At Volkswagen’s Chattanooga auto plant, the United Auto Workers won’t take no for an answer. Despite losing a recent unionization election, union officials are challenging the results. More noteworthy still is their opposition to the efforts of several VW employees, represented by National Right to Work Foundation staff attorneys, to intervene in the legal proceedings to defend their decision not to unionize.

The UAW’s legal challenge isn’t surprising. It’s just the latest example of Big Labor’s new approach to organizing. Union officials have increasingly turned to coercive and misleading tactics.

Today’s labor movement faces an uncomfortable reality: Most employees just aren’t interested in joining a union. Private-sector union members, who once made up a third of the workforce, are now down to less than 7 percent.

But Big Labor won’t change its pitch.

The UAW’s Chattanooga campaign is a perfect example. UAW operatives initially sought to organize VW workers through a “card check” drive, a process that allows union organizers to badger, harass and even intimidate employees face-to-face until they sign cards, which are then counted as “votes” for unionization.

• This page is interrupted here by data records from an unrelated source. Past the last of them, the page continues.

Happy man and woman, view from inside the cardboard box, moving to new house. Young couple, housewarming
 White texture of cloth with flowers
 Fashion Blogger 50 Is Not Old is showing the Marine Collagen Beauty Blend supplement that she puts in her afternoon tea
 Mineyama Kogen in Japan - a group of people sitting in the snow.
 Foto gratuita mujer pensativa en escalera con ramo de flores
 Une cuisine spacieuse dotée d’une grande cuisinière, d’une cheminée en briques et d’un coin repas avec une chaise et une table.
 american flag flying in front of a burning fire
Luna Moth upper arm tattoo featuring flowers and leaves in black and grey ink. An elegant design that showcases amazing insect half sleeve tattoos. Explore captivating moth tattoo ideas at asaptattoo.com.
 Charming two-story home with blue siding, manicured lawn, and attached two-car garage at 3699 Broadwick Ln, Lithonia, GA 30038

With the help of National Right to Work Foundation attorneys, several VW employees were able to stave off the UAW’s card check drive and force their employer to request a secret ballot election.

VW and UAW officials struck a so-called neutrality agreement that granted union organizers special access to company facilities leading up to the election. Copies of this agreement acquired by local media show the company and the union “aligning” their media messages and working to unionize the plant.

Still, Chattanooga VW employees ultimately voted against a UAW presence, 712 to 626.

The UAW’s Chattanooga failure is symptomatic of Big Labor’s larger problems. Once celebrated as advocates for the working man, unions have become political organizations.

From 1989 to 2014, 14 of the top 25 campaign donors were labor unions. In the 2011-12 election cycle, unions spent more than $1.7 billion dollars on politics and lobbying.

In states without right-to-work laws, employees are often made into unwitting or unwilling contributors to unions’ political agenda. Although workers technically have the right to opt out of union political spending, union officials frequently ignore their requests to stop collecting dues for politics or throw up bureaucratic hurdles to discourage employees from asserting their rights.

Polls of union members show overwhelming support for right-to-work laws, which ensure union membership and dues payments are voluntary. This is especially true in the 24 right-to-work states – including Tennessee and Georgia – where that free choice is already protected.

Moreover, vocal – and sometimes violent – union opposition to public-sector labor reforms in states like Ohio and Wisconsin have only added to the perception that Big Labor is more interested in defending its political privileges than advocating for working men and women.

Mark Mix is president of the National Right to Work Legal Defense Foundation.